Richard V. Burkhauser, the Sarah Gibson Blanding Professor and chair of the Department of Policy Analysis and Management, has joined, for a one-year term, the 2003 Technical Panel on Assumptions and Methods to advise the federal Social Security Advisory Board. The panel of expert actuaries, economists and demographers, appointed by the advisory board, is charged with providing technical assistance to the board by reviewing the assumptions and the methods used by the Social Security actuaries to project the future financial status of the funds.
"Specifically, it will advise the Social Security Administration (SSA) on how to improve the way it calculates the expected inflow and outflow of Social Security trust funds over the next 75 years," said Burkhauser. "These calculations are based on a set of budgetary assumptions made by SSA to determine the solvency of the Social Security system.
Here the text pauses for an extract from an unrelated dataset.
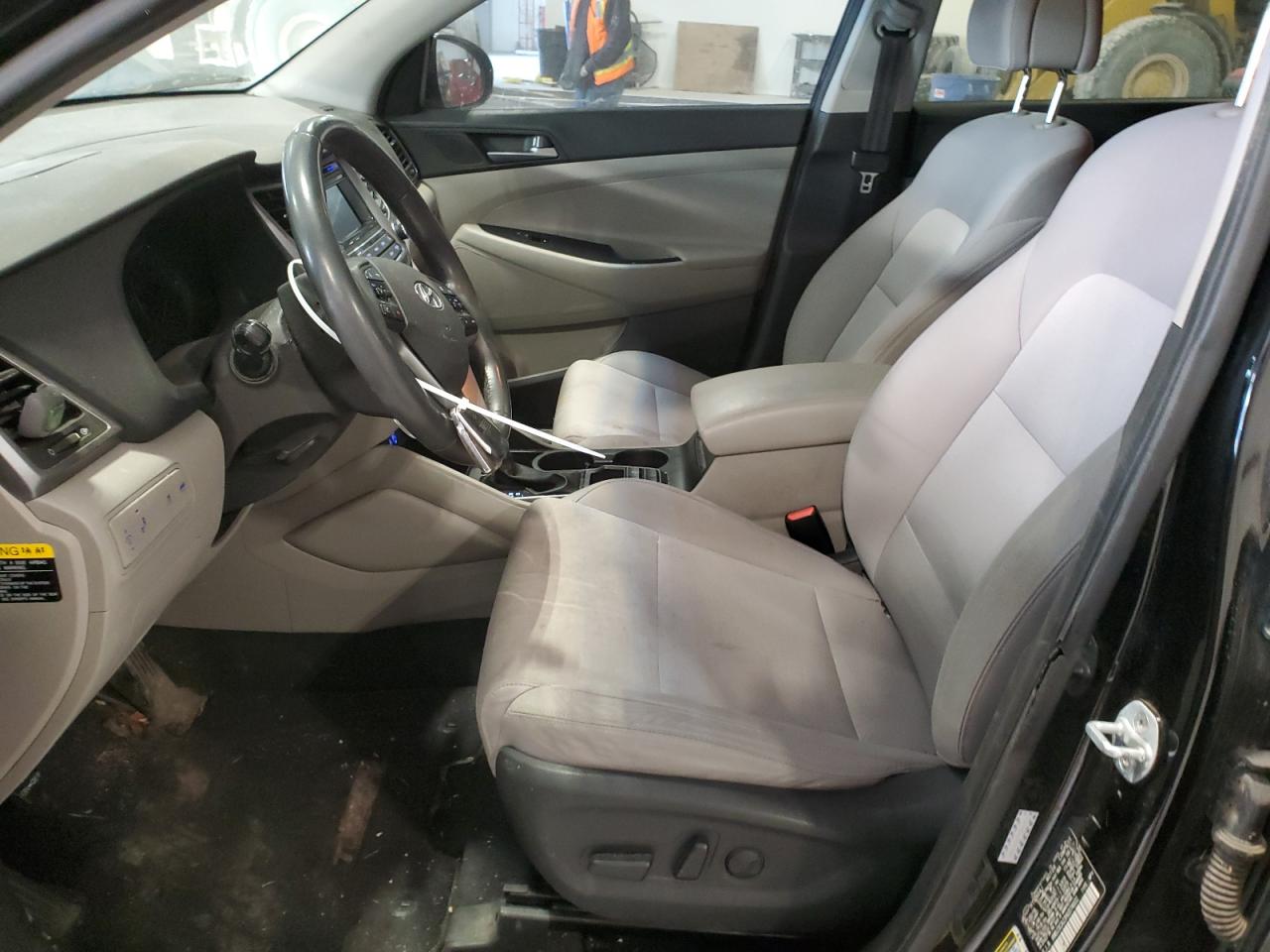 2017 Hyundai Tucson - Image 7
These assumptions are also used to estimate any proposed reforms of the social security system meant to solve the long-term deficit in the current system. Our committee will evaluate the reasonableness of the assumptions and the sensitivity of solvency projections to changes in these assumptions."
Patricia Baron Pollak, associate professor of policy analysis and management and director of the Cornell-Ithaca Community Outreach Partnership Center (Cornell-Ithaca Partnership or C-IP), is the recipient of the first Marcia Marker Feld Award for Outstanding Leadership in the Association of Collegiate Schools of Planning (ACSP). Pollak accepted the award at the association's annual conference in Baltimore in November. The conference had a record attendance of over 900 university faculty and administrators in the various fields of planning.
The selection committee was unanimous in its choice of Pollak for the award, citing her significant leadership within, and the resulting outcomes for, ACSP. In presenting the award, Sanda Kaufman of Cleveland State University noted the organization's debt to Pollak "for her ability to develop a cohesive, coherent, and unanimously accepted set of rules to both codify ACSP's goals and objectives and lay out the strategies and procedures that the organization will follow in their pursuit."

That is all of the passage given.